═══ Data extracts ═══

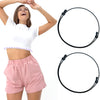 A woman models a white crop top and pink shorts while demonstrating adjustable tuck bands for clothing.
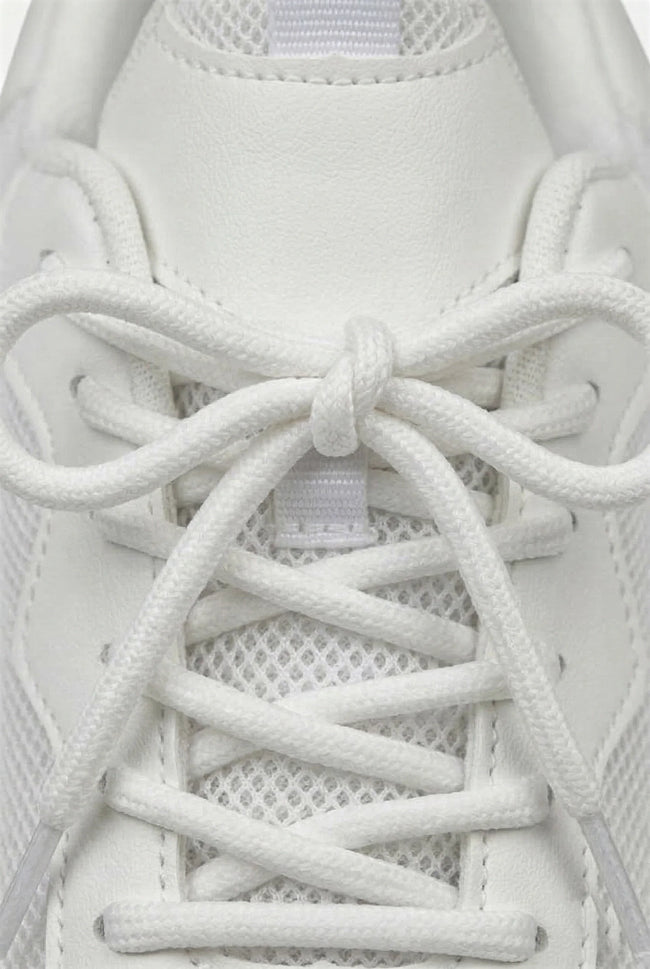 White mesh trainers for women by FJØRNA, breathable lightweight casual shoes with cushioned soles and sporty design.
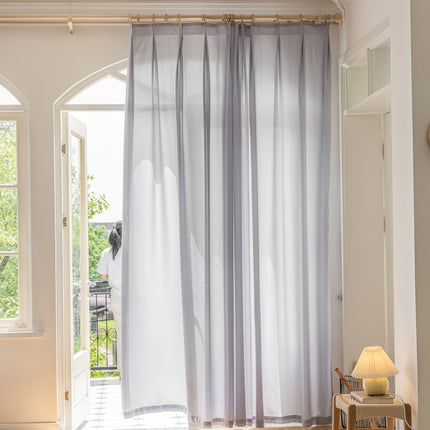 a living room with a large window and curtains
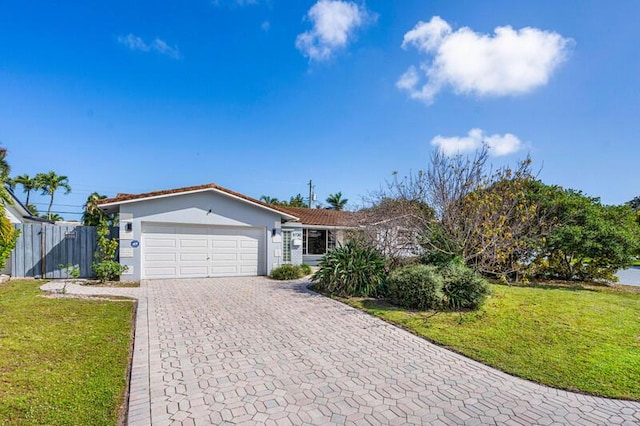 single story home with a garage, a front lawn, decorative driveway, and stucco siding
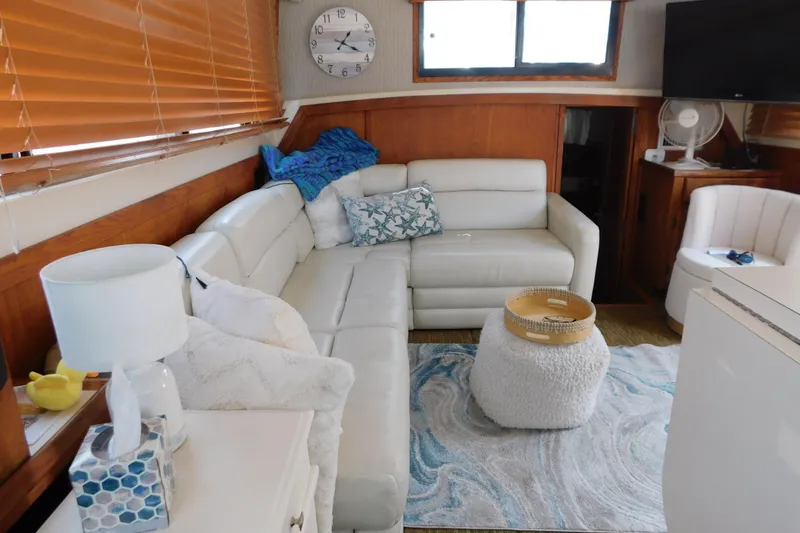 Slide: The Image of Cozy interior of 1987 Mainship 40 DC yacht with white leather seating and nautical decor. - 34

═══

### Task instructions:
Give back the records above word for word, minus any image they hold.

### Your solution:
 A woman models a white crop top and pink shorts while demonstrating adjustable tuck bands for clothing.
 White mesh trainers for women by FJØRNA, breathable lightweight casual shoes with cushioned soles and sporty design.
 a living room with a large window and curtains
 single story home with a garage, a front lawn, decorative driveway, and stucco siding
 Slide: The Image of Cozy interior of 1987 Mainship 40 DC yacht with white leather seating and nautical decor. - 34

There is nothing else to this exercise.